The next move even caught out their ever-generous boss Wilson, as Shaun went for the dancefloor.

Oxford Mail:

“People don’t know this – and to squash any rumours – when I first went to Tony and Nathan McGough and said I wanted to work with Paul Oakenfeld they said ‘Who’s he?’. Don’t forget, Oakenfeld wasn’t what he is now. He had never ever made an album before, just that Jibaro single which only sold about ten copies. The only people that knew who he was were trendies in London, a few heads in Ibiza and people who read London DJ magazines. I loved that Jibaro single and also loved the way he would mix the indie guitar of The Woodentops into beats when he was DJing. I thought: this is it.

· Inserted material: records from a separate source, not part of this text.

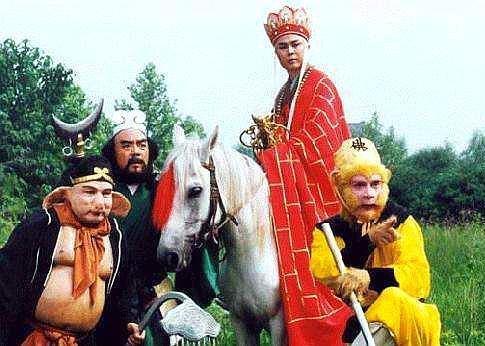 唐三藏公司名字如何？这个名字测凶吉结果如何？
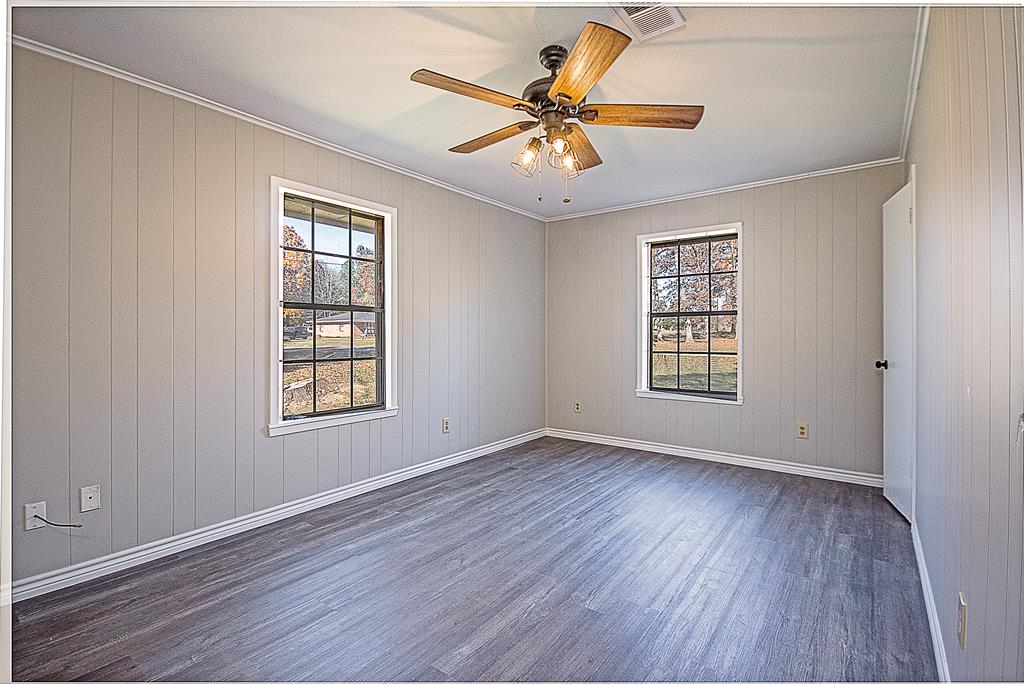 604 Arrington Street, Diboll, TX 75941 SOLD LISTING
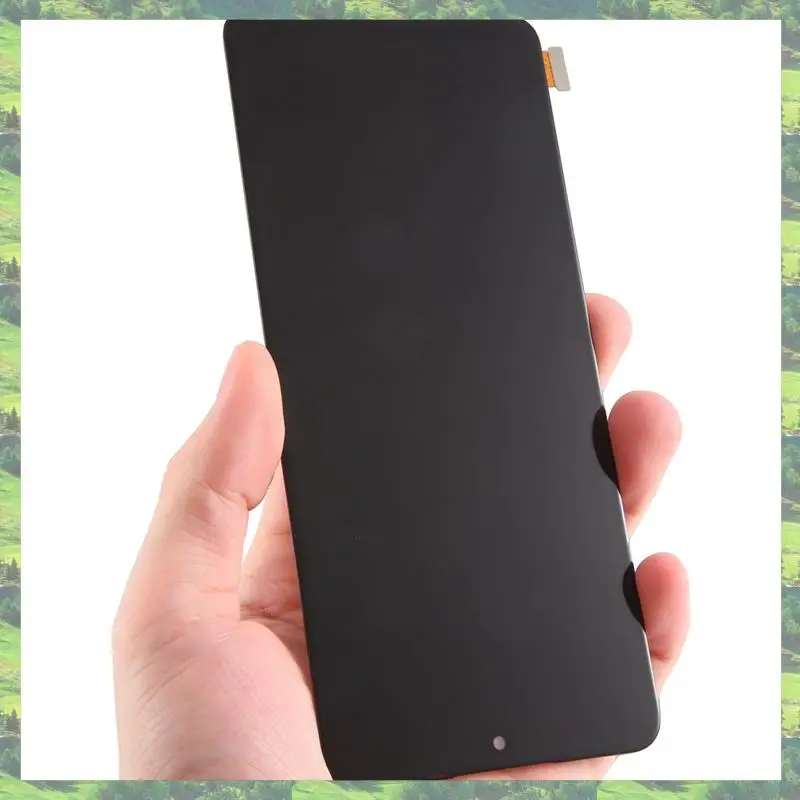 L72A-ЖК-дисплей для Redmi Note 10 Pro, ЖК-дисплей с сенсорным экраном и дигитайзером в сборе, аксессуары
L72A-ЖК-дисплей для Redmi Note 10 Pro, ЖК-дисплей с сенсорным экраном и дигитайзером в сборе, аксессуары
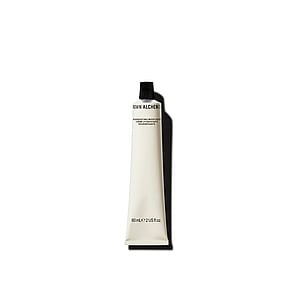Grown Alchemist Regenererende Moisturizer 60ml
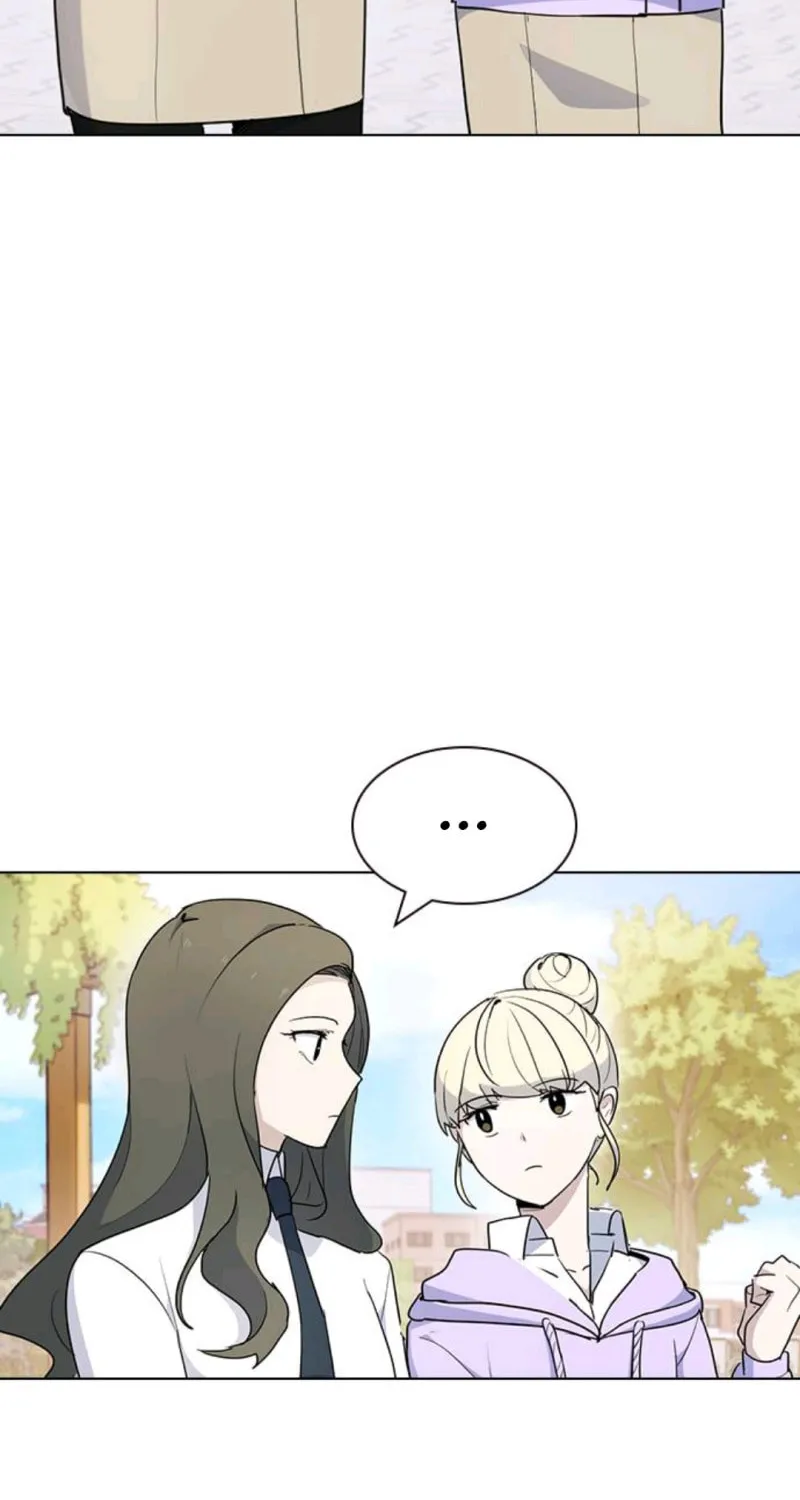 My Bad Boyfriend Chapter 5 page 49 - 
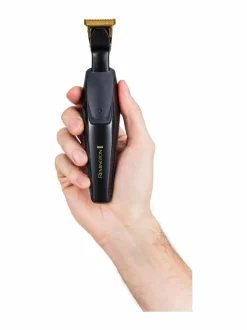 MB7000 T-Series Ultimate Precision -partatrimmeri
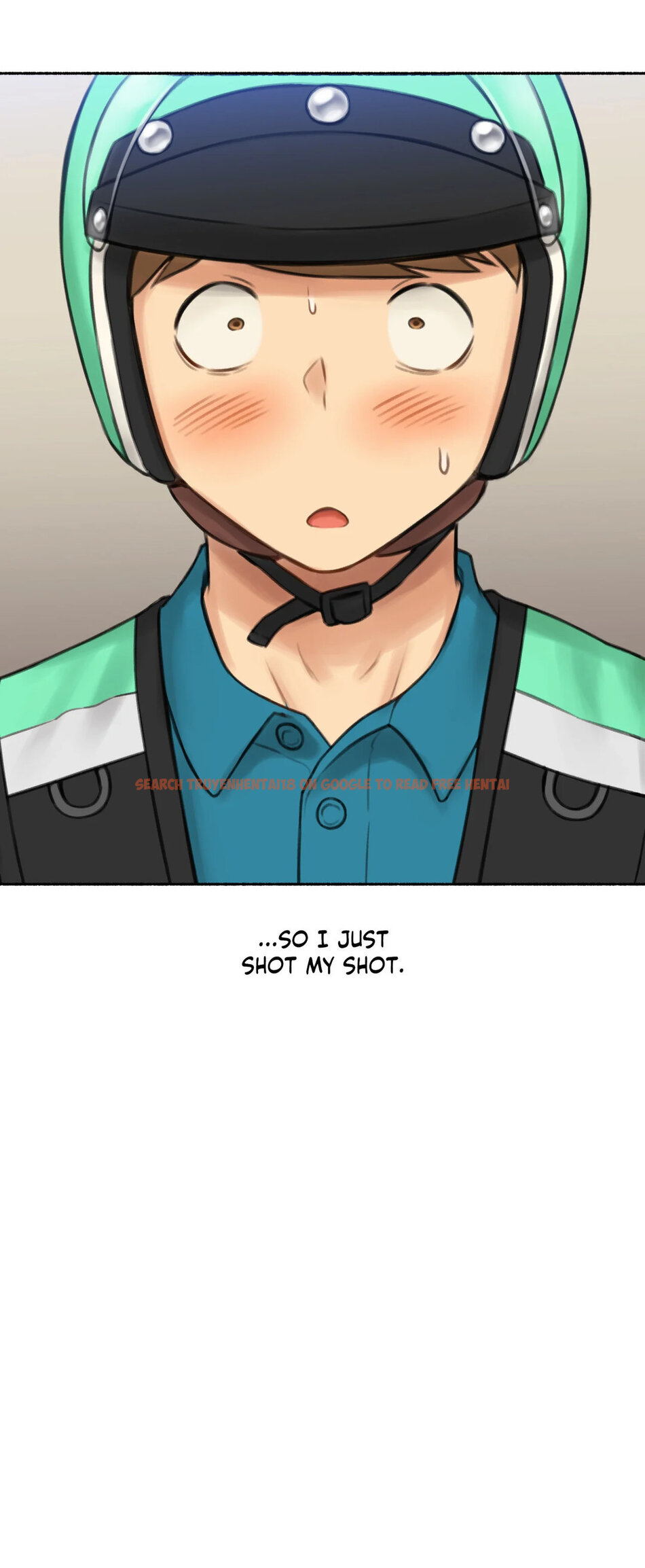 Read Hentai Image 34 370 in comic Sexual Exploits - Chapter 72 - www.hentaitnt.net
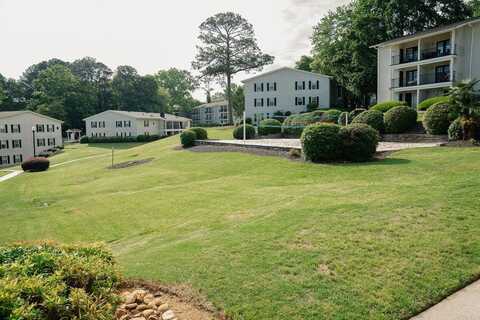 1150 Collier Road NW, Atlanta, GA 30318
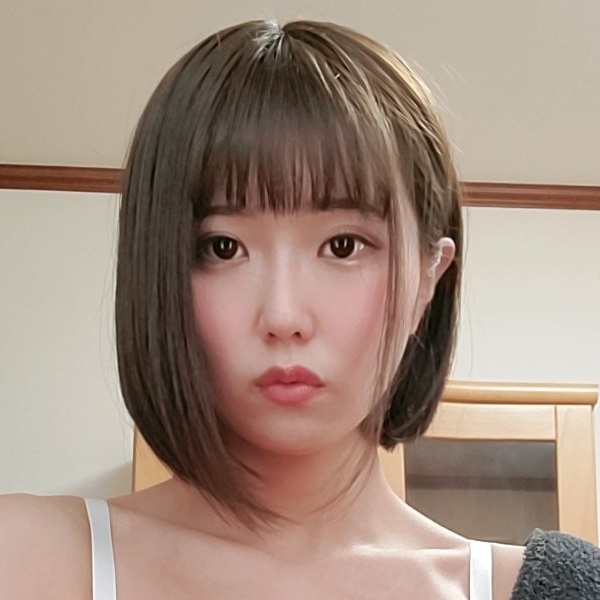 Terasaki Izumi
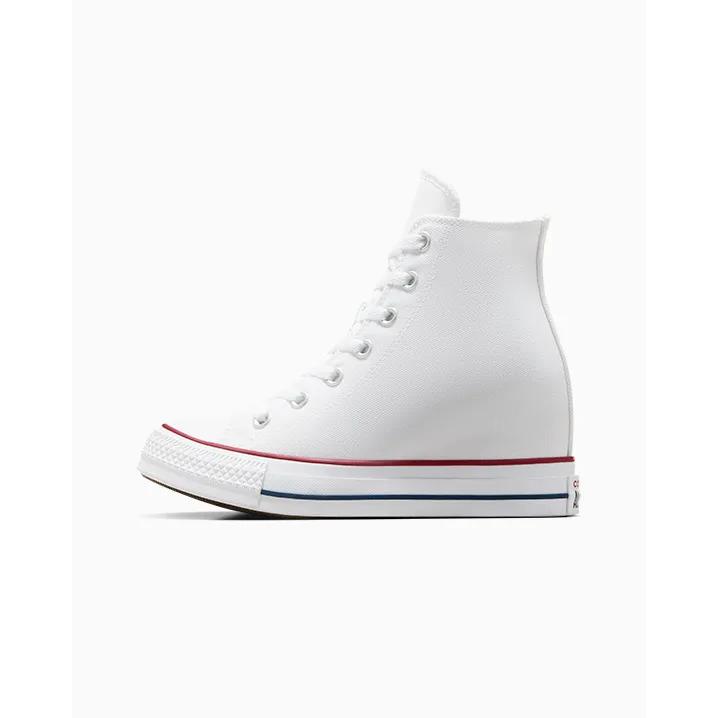 product/c/o/converse_a11908c_blanc_2.jpg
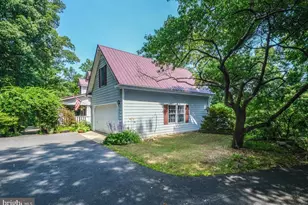148 Green Hill Ridge Ct, Front Royal, VA 22630 - Photo 2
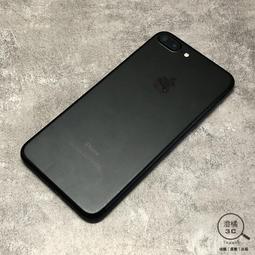iphone 7 Plus 128G 5.5吋 福利品 送鋼化玻璃貼空壓殼[趣嘢] 歷史價格詳細信息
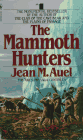 Mammoth Hunters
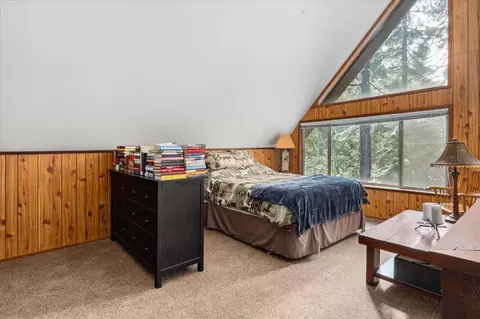4698 Meko Dr, Camp Connell, CA 95223 photo 22
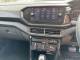 VOLKSWAGEN T-CROSS 2019 (19)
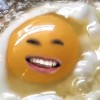 …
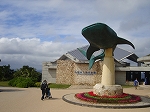 c0151903_13581986.jpg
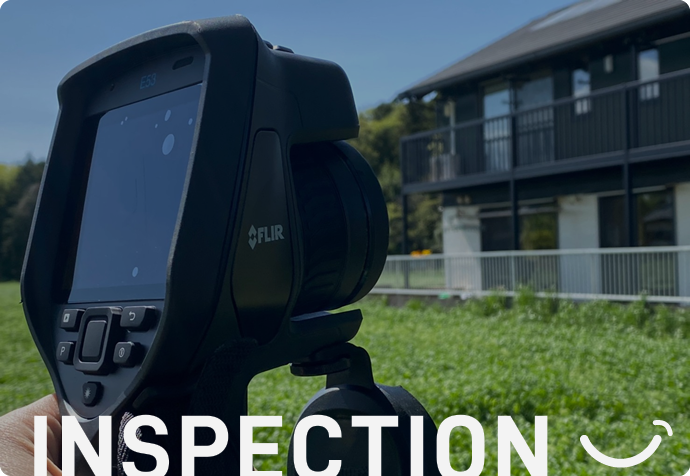 スマイリードのリフォーム・SERVICE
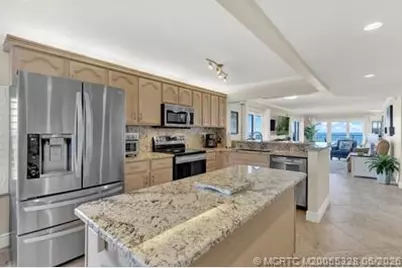 10980 S Ocean Drive #611, Jensen Beach, FL 34957 - Photo 11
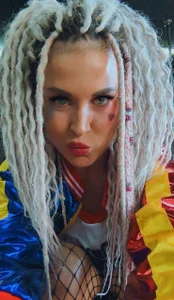 rock_n_roxyのhappy momentsの 3枚の写真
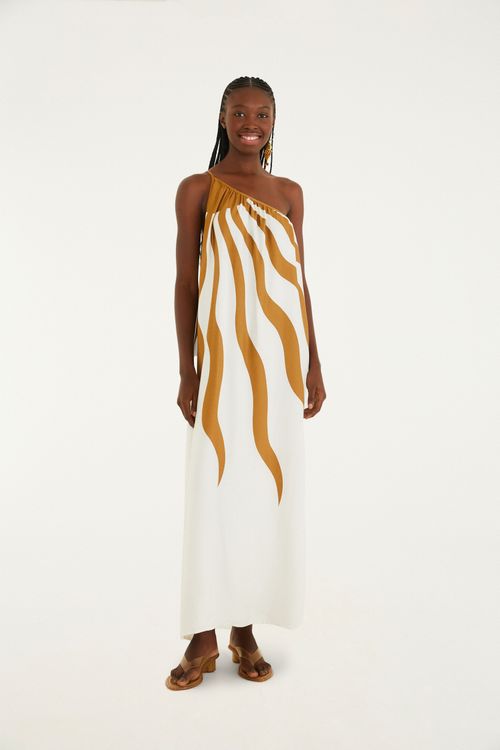 345238_52774_1-VESTIDO-LONGO-SOLARE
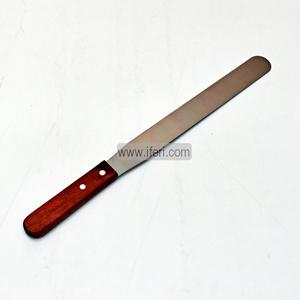 14 Inch Straight Cake Butter Spreader Spatula SF0132 Genuine Cheap Pice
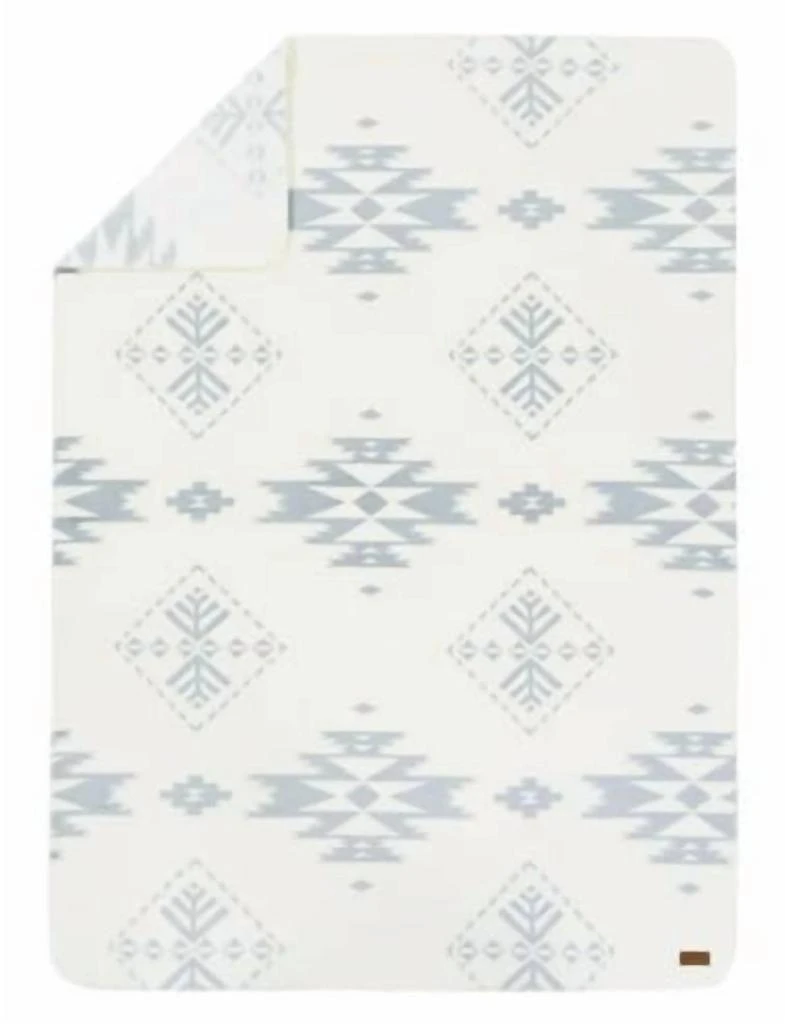 Pendleton Pendleton - Ultra Soft Throw 1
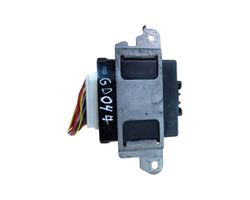 Toyota Prius (XW20) Module de contrôle sans clé Go 8999047023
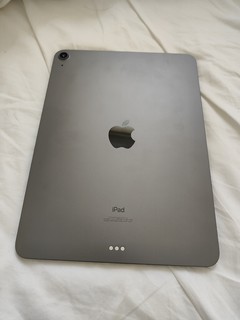 ipadair永远是装备清单的榜首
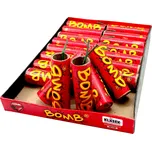 Klásek Pyrotechnics Bomb 20 ks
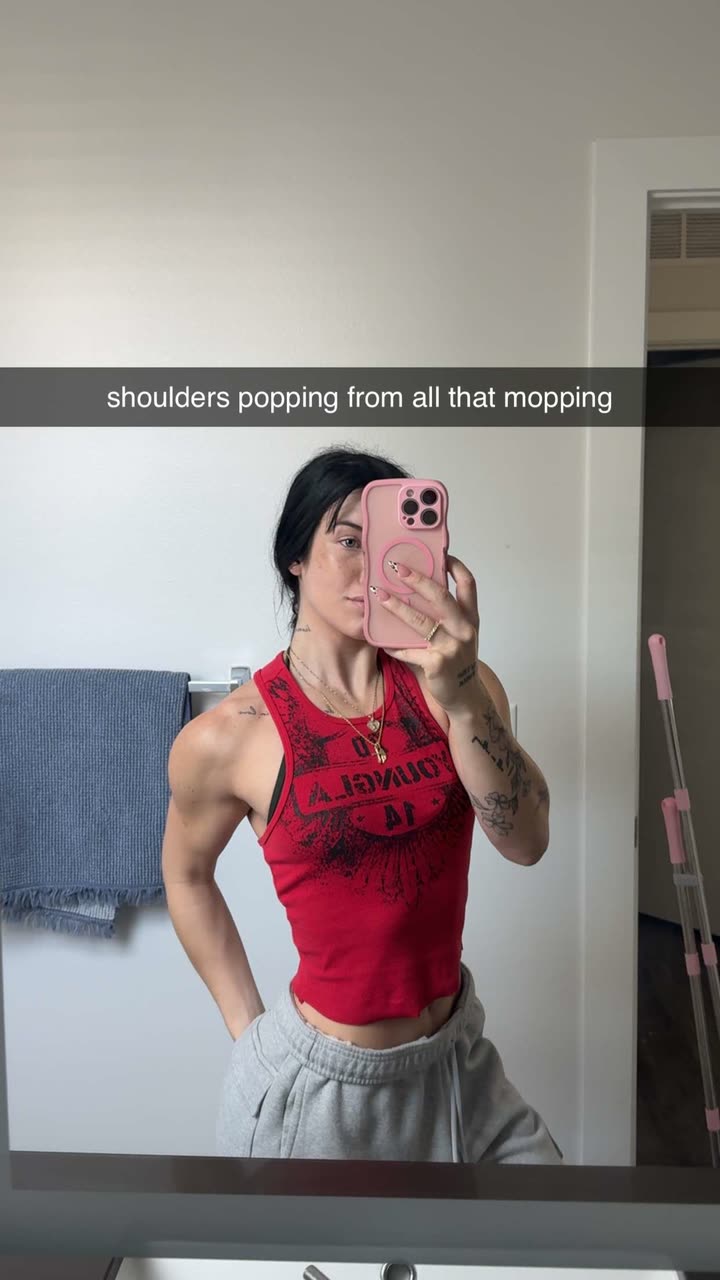 fionamaefit snapchat image archive image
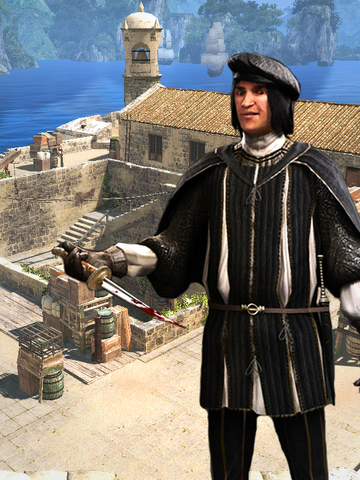 File:Francesco Malfetti.png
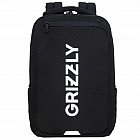 черный/серый черный/серый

“A mate of mine gave Oaky a grand for his record collection in Ibiza and Oaky thought, “Great! I don’t have to lug it home”. We played all of his collection in the studio and it changed things. Nathan and Tony said, “He’s a DJ, he can’t do an album!” - but they never said no to any wacky ideas we came up with.”

Their ‘Madchester Rave On EP’ changed music. The two until then mutually exclusive scenes of indie and dance were merged into a perfect whole.

The Mondays’ third album ‘Pills and Thrills and Bellyaches’ further explored this brilliant new amalgamation – and very few bands in the UK didn’t have a go at the new magic alchemy. The Happy Mondays were the best, though, and their natural aptitude to a lollopping groove was underlined by the new E-drenched dance floors.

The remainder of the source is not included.